Virtual author visits are a good start. Thanks to Skype, Google Hangouts, and Zoom, it’s easier than ever to host published authors in your classroom. Last year, my students met with many authors, and each visit inspired them (and me) to read and write with renewed energy and purpose.
A Writer’s Life
As the school librarian and a teacher who is keenly interested in literacy, I want my students to think of themselves as writers. Real writers. Why? Because writers write, and when we do, we think. To write is to explore worlds, both those within and those that surround us. Writing is rigor. “Real” writers know that, and when they talk to students they share that message. When students hang out with writers, they see themselves as a part of a writing community, and that leads them to think of themselves as real writers too.
Preparing for a Visit
This year we visited with authors of fiction and nonfiction, picture books and novels, from places near and far. Preparation was simple and fruitful in and of itself. If a student wanted a visit with an author, they only had to do one thing—read one of the author’s books. For most, the excitement of knowing they would meet the author and be allowed to ask her or him questions drove students to read several books. For some, it meant reading every single book written by the author.
Often, I would also ask students to write questions they might like to ask the author before the visit. Students asked an array of questions, everything from the expected “How do you get your ideas?” and “How long does it take to write a book?” to the career-oriented “Can you make enough money as a writer?” to the poignant “Do you think your stories help kids deal with tough times?”
Inviting an Author to Your School
Finding authors is usually easy. Even a simple Google search will yield results—an email address or Twitter handle, for example. I’ve had good luck finding visitors on the Skype in the Classroom site and through the blog of author Kate Messner.
About half of the authors I’ve worked with ask for remuneration for Skype visits, anywhere from $50 for an hour to $350. The other half offer free Skype visits for 15 to 30 minutes. Most authors have been willing to work with me if I didn’t have the funding. Some do advance sales; others ask me to send order forms home with the kids after the free or reduced cost visit.

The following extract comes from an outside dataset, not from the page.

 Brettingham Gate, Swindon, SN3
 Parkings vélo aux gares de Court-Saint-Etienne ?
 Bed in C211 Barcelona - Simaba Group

Some of our favorites included:
- Jonathan Rand, author of both the American Chillers and Freddy Fernortner series. This visit wasn’t cheap, but it was well worth it. Rand is personable and relatable, and inspired students to read so many of his books, I could barely keep them on the shelves.
- J.C. Phillipps, author of the picture books Monkey Ono and Wink: The Ninja Who Wanted to Nap was a hit too. She joined us for a free 30-minute Skype visit, answering questions and demonstrating how she uses a cut-paper technique to illustrate her stories.

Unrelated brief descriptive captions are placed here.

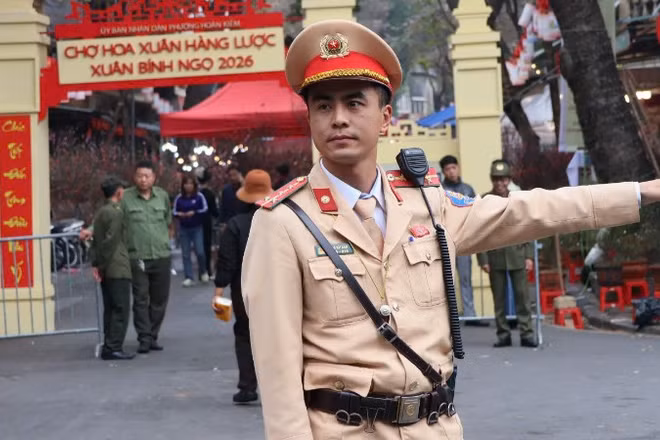 Bảo đảm trật tự an toàn giao thông, trật tự đô thị để nhân dân vui chơi, đi chợ hoa Tết.
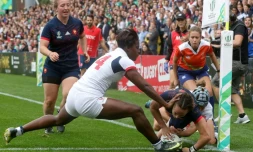 Les Françaises ont dominé les Américaines, ici un essai en coin de la demi de mêlée Jade Le Pesq, lors de la petite finale du Mondial dames à Belfast, le 26 août 2017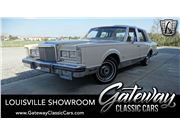 1984 Lincoln Town Car for sale in Memphis, Indiana 47143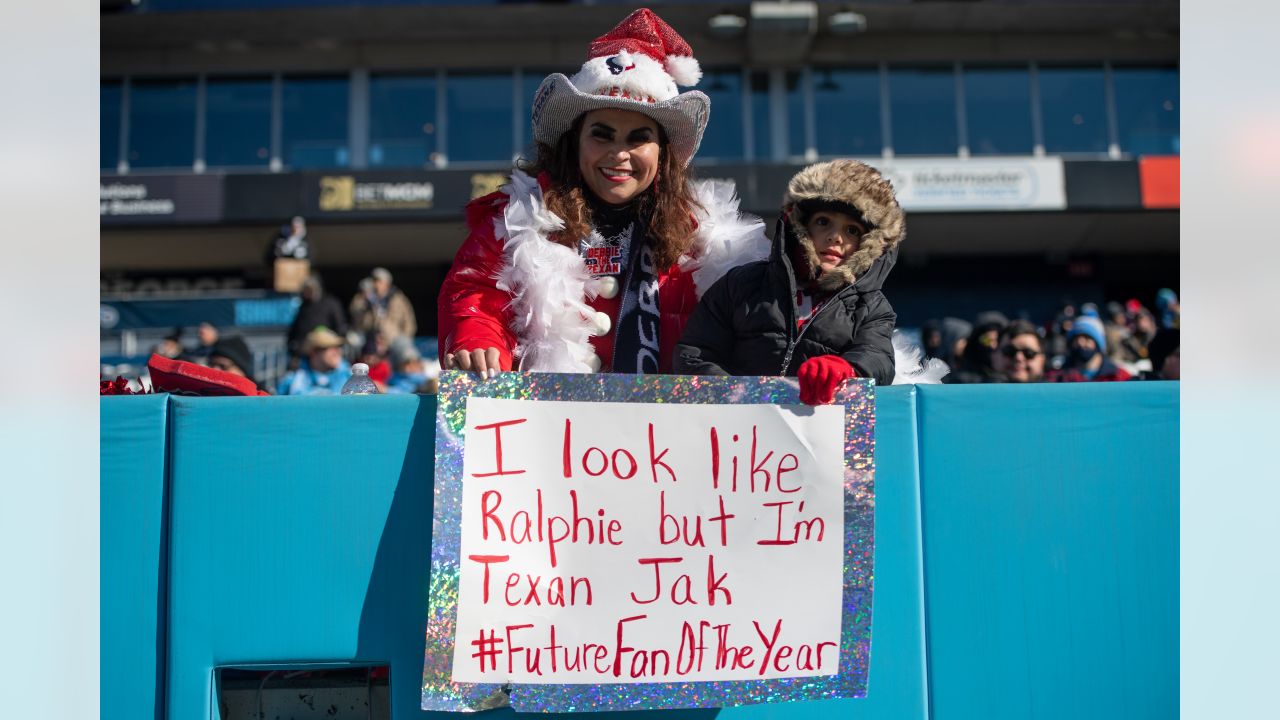 Howley family touched by LB Jaylon Smith's pregame tribute; how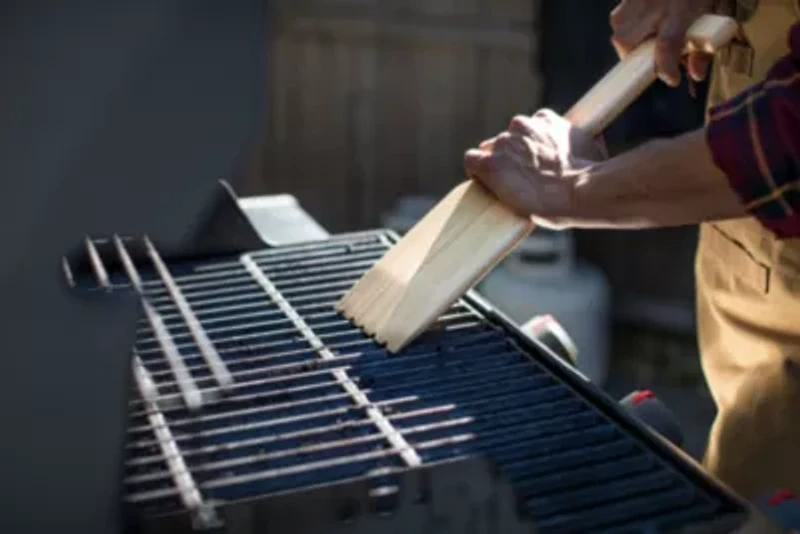NCAA Georgia Bulldogs Hardwood BBQ Grill Scraper with Bottle Opener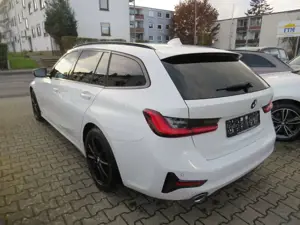 BMW 320 d touring xDrive Sport Line *LEDER*PANO*STHZ Bild 4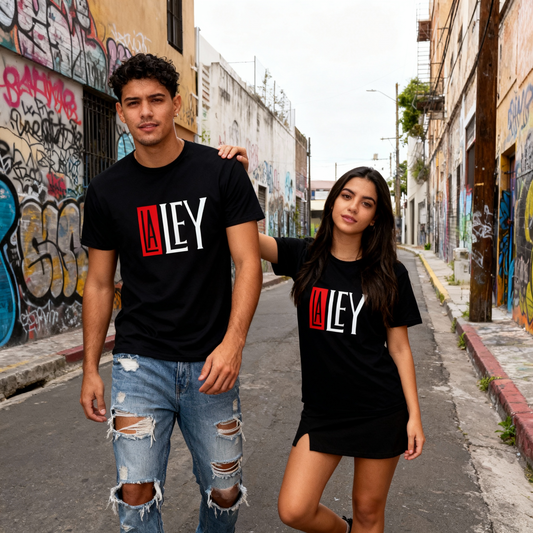 Fotografía en plano medio (medium shot) de una pareja posando de pie y de frente, mostrando el ajuste y la caída de la playera oficial de La Ley.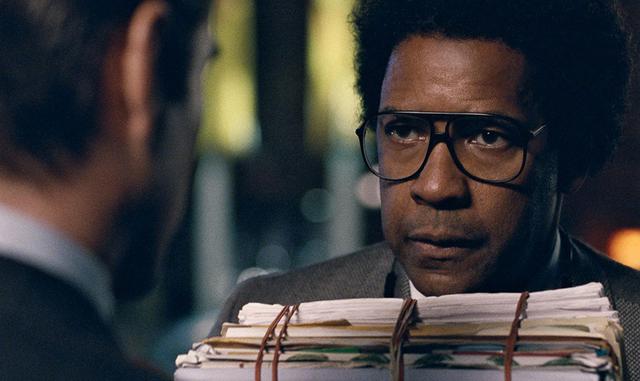 "Roman J. Israel, Esq" quedó en noveno lugar al obtener US$ 4.5 millones. El protagonista es un abogado defensor, idealista e impulsivo que tras la muerte de su mentor, un bufete de abogados requiere sus servicios. La película es dirigida por Dan Gilroy y actúa Denzel Wahington, que también es productor de la cinta.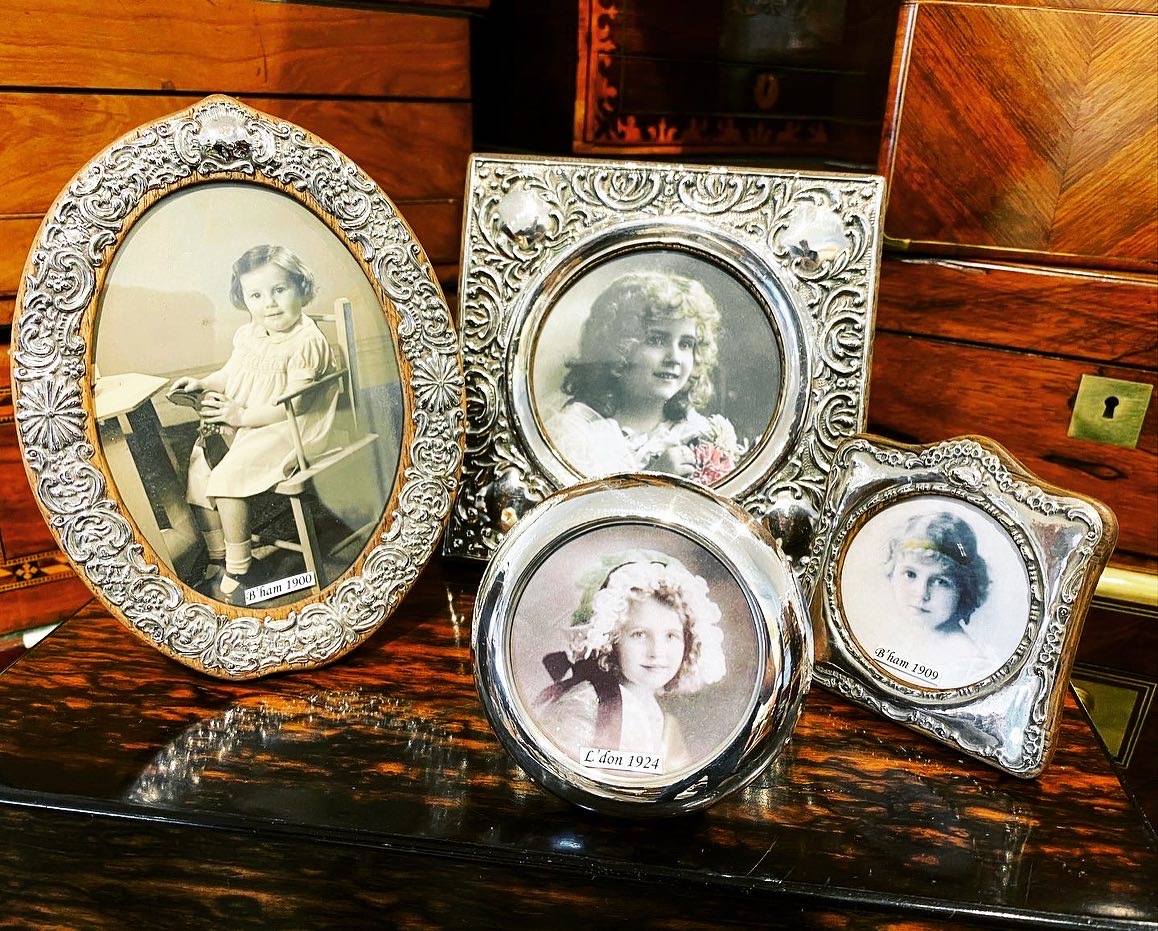 BarhamAntiques's tweet image. Selection of English Silver Frames. Dating from 1900 to 1924. Prices range from £85 to £185. #silverpictureframe #silverpictureframes #frames #vintageframes #englishsilver #portobelloroad #barhamantiques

- Laurie Keller read a book to students, answered their questions, and showed them how to draw the star of one of her picture books.
- Tracey Maurer, writer of over 100 nonfiction books, talked with students about how she does research, works with a publisher, and comes up with ideas for her texts.

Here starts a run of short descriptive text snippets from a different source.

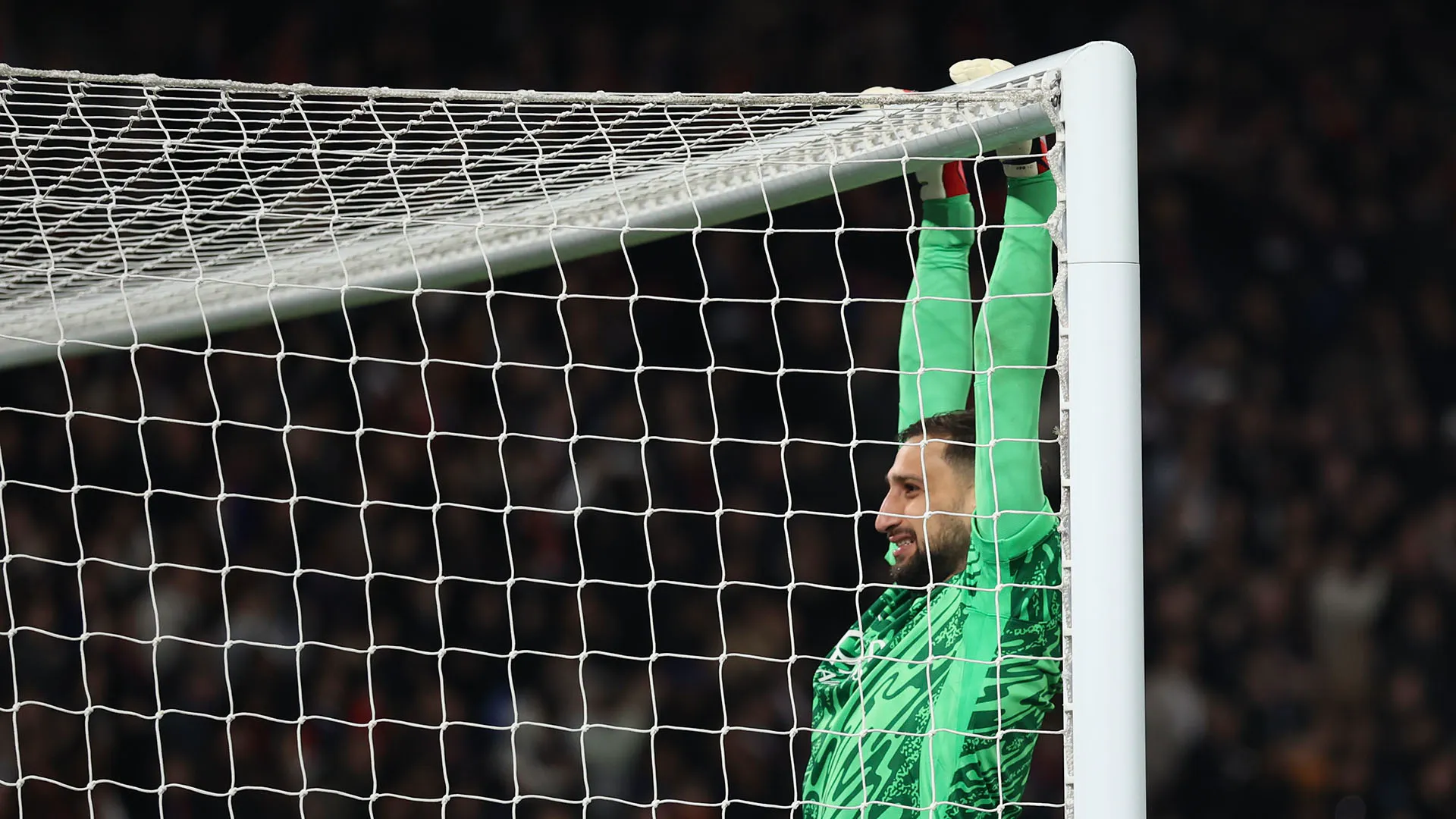 Gianluigi Donnarumma nelle ultime partite, specialmente in Champions League, sembra insuperabile
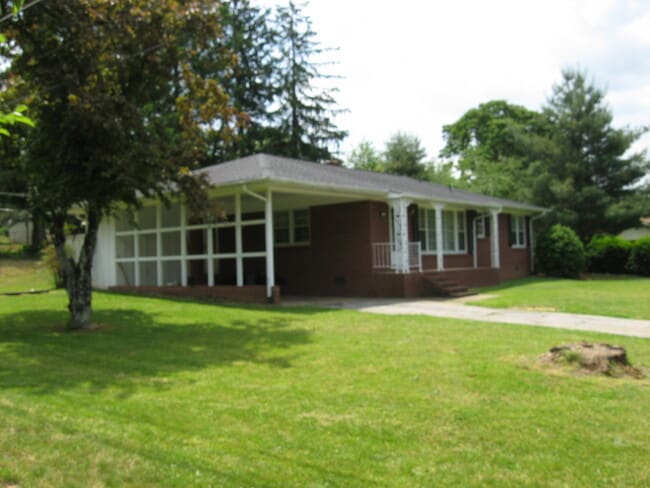 Foto del edificio - 307 Oak Grove Rd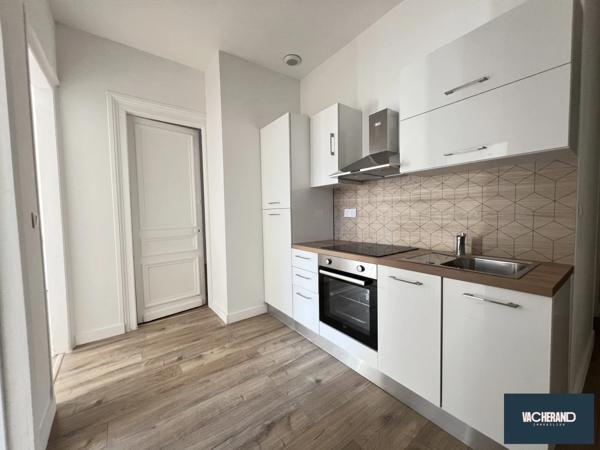 Appartement T3 neuf 1er étage Parvis Saint Maurice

- Chris Kreie shared his process for writing graphic novels and working with an illustrator.
Tips for a Smooth Visit
Having facilitated dozens of visits over the course of several years, I’ve learned a few things the hard way and can offer three tips to ensure your virtual visit goes well:
- Have plenty of copies of the author’s books available in advance of the visit. Share them freely so that students have a strong connection to the author.
- Try out the connection before the visit. The author won’t always be available for this, but practicing with Skype, Google Hangouts, Zoom, or other connection methods is a good idea.
- Share procedures with students in advance. I ask students to show active listening skills while the author is speaking and give them directions for where to stand and how to look into the webcam when they ask a question.
With each of these virtual visits, students made a connection with the world of reading and writing. In each case, they were inspired to read and write as a part of their own lives, engaging in hours of inspired thinking and creating.
Maybe one day, I’ll be able to invite a former student for a virtual visit as a published author. These kids are real writers.